Go through the entries below and print, exactly, the lines starting at the one with "Scotch & Soda T-shirt 177449 Midden blauw" and ending at the one with "Bvlgari Divas' Dream", keeping both ends and no others.

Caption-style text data
#####

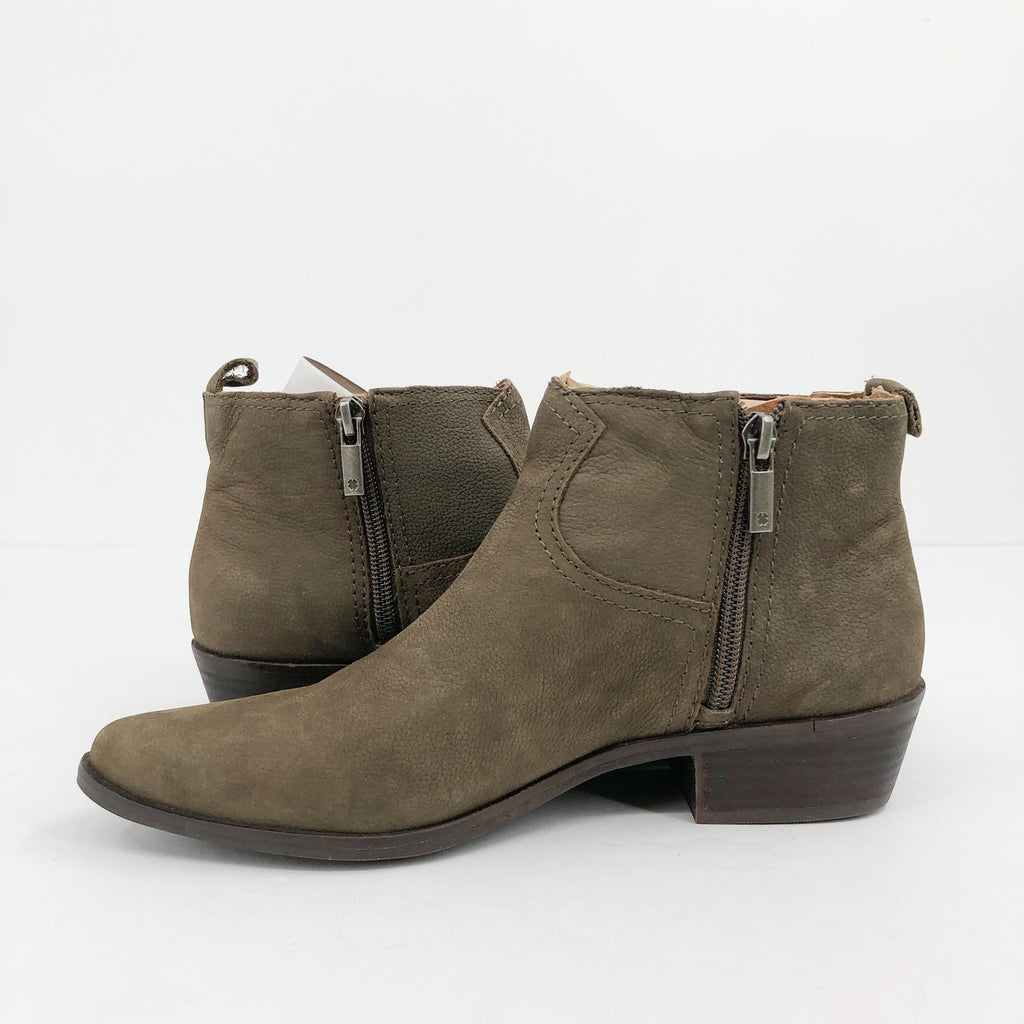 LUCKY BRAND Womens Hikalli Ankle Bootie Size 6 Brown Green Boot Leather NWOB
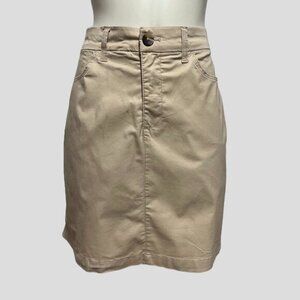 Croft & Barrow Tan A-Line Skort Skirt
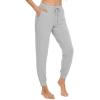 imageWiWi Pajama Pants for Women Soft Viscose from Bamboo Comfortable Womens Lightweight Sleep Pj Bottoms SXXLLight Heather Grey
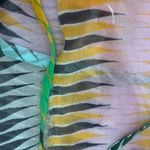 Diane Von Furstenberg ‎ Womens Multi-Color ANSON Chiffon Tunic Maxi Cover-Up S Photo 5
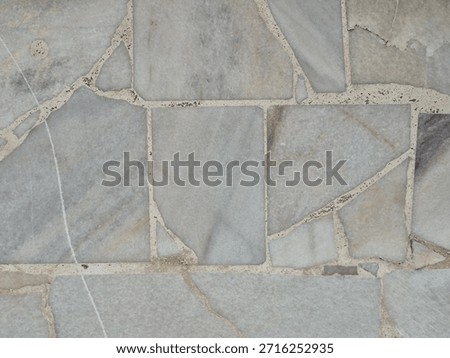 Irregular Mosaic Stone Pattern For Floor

#####

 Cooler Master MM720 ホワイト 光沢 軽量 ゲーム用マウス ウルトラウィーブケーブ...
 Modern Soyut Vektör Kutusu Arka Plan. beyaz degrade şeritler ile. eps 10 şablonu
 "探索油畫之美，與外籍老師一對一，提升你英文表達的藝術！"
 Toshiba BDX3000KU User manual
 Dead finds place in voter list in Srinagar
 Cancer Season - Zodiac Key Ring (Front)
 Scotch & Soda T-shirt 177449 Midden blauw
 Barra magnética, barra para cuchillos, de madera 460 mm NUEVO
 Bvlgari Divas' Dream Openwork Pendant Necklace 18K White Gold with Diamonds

#####

ANSWER AREA:
 Scotch & Soda T-shirt 177449 Midden blauw
 Barra magnética, barra para cuchillos, de madera 460 mm NUEVO
 Bvlgari Divas' Dream Openwork Pendant Necklace 18K White Gold with Diamonds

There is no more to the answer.